George Floyd, the patron saint of the BLM movement, was no saint. His misdeeds and exploits are common knowledge at this point, if not totally glossed over because of a mainstream media that thrives off of unrest and racism. Floyd has been raised up and hailed as a hero by the media, activists, Hollywood, and the corrupt, Marxist BLM movement. It’s unfortunate that he died, and Derek Chauvin has lost his freedom as a result of his reckless behavior, but to paint Floyd as a saint, martyr, hero, gentle giant or anything besides what he was, which was an addict in the commission of a crime and under the influence of a likely deadly number of drugs, is simply revisionist history. The state of Texas Board of Pardons and Paroles had been considering a pardon for Floyd for a 2004 drug conviction, but it was denied. I don’t understand what difference it makes now, but let’s find out the story via Newsmax:

Last week, the board informed Allison Mathis, an attorney with the Harris County Public Defender’s Office in Houston who had initially filed for the pardon in April 2021, of the decision against recommending “a full pardon and/or pardon for innocence” for Floyd, who was convicted of drug possession in 2004.

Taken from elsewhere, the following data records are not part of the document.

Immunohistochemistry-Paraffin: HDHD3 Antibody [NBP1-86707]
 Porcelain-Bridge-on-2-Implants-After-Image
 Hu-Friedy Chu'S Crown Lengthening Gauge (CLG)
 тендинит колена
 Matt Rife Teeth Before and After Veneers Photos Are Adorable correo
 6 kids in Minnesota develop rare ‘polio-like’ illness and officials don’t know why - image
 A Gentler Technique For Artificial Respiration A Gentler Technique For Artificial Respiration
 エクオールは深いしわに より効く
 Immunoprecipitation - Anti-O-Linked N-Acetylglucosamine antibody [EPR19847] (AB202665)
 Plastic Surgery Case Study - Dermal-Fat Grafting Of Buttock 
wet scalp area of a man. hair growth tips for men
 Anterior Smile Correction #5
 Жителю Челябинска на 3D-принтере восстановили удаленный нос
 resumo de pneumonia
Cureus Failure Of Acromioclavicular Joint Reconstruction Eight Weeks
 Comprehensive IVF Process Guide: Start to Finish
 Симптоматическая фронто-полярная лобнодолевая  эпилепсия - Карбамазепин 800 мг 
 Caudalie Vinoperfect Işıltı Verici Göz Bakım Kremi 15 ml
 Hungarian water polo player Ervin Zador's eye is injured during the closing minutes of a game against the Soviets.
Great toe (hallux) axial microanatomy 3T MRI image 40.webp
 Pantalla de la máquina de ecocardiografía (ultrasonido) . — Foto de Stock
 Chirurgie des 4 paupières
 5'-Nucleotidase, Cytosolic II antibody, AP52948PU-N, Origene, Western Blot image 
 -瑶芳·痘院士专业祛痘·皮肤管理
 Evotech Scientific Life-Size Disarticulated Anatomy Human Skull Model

Apparently, the case surrounds a narcotics officer that is under investigation for fabricating some of his informants. In other words, he was likely pocketing the money he was supposed to be paying the informants, and subsequently acting as his own CI, buying drugs himself before arresting suspected dealers. Of course, this is speculation, but why risk cutting out the middleman unless you were going to profit yourself?

Floyd was convicted after former Houston police officer Gerald Goines arrested him for giving $10 worth of crack cocaine to another suspect, who then sold it to Goines, who was undercover. Floyd pled guilty and was in jail for 10 months.

While Floyd’s arrest looks legit, many, many more weren’t. More than 150 convictions have been overturned due to Goines illegal activity, but George Floyd was not among those.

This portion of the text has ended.